Sus dos hijos mayores, llevando también en sus cabezas sacos de abono en
forma de capuchón, salieron de la casa, satisfechos de poder marchar
bajo la lluvia. Iban á otra vivienda de las inmediaciones, donde la
madre conocía la existencia de un jamón salado y blanducho, llamado
«pernil» en el país.
Un nuevo personaje se movió en la cocina: el padre del difunto, llamado
por todos «el Agüelo».
La edad y el hábito de encorvarse sobre la tierra años y años para
cultivarla habían doblegado su cuerpo. Era enjuto, con abundantes
arrugas concéntricas alrededor de ojos y boca. Sus pupilas, amarillentas
y lacrimosas, tenían la fijeza de la ceguedad. Saludó á los forasteros
en castellano, pronunciando lentamente sus palabras con un acento algo
grotesco. Y satisfecho de haber dado esta muestra de su sabiduría, fué
hacia la puerta, entreabriéndola.
--Llueve--dijo con tono de oráculo--; llueve, y pronto va á tronar.

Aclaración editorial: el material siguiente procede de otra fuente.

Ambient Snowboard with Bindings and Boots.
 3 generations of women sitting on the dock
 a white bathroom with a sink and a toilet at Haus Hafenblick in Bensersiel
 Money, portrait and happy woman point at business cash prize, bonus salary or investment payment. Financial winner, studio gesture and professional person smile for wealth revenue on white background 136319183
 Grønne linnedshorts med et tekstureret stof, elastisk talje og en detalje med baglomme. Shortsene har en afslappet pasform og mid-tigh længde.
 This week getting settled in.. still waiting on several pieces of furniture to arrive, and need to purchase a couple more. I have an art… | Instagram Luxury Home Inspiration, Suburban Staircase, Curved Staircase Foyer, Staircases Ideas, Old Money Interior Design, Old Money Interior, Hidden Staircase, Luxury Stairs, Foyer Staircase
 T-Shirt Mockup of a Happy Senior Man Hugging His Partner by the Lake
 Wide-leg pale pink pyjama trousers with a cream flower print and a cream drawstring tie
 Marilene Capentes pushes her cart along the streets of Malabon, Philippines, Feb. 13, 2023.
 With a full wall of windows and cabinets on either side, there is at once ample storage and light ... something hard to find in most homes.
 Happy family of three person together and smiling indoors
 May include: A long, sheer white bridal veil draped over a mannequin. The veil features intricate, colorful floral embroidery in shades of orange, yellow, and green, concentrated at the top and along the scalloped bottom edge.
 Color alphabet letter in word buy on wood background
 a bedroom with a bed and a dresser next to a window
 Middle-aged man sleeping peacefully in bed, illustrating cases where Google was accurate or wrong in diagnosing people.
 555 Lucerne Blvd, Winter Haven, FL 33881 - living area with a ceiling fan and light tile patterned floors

Admiró Borja la adivinación de este hombre falto de vista. Una segunda
tormenta se iba aproximando. Sobre el horizonte gris y brumoso por la
lluvia avanzaban nubes intensamente negras, cortadas por el zigzag de
lejanas exhalaciones.
Volvieron los niños, con el «pernil» envuelto en papeles mojados, y la
madre fué arrojándolo á trozos en una sartén que empezaba á chirriar
sobre el fuego.
--Usted y su señora deben comer algo, para entrar en calor--insistió la
mujer--. También guardo un vino rancio de mi pobre marido.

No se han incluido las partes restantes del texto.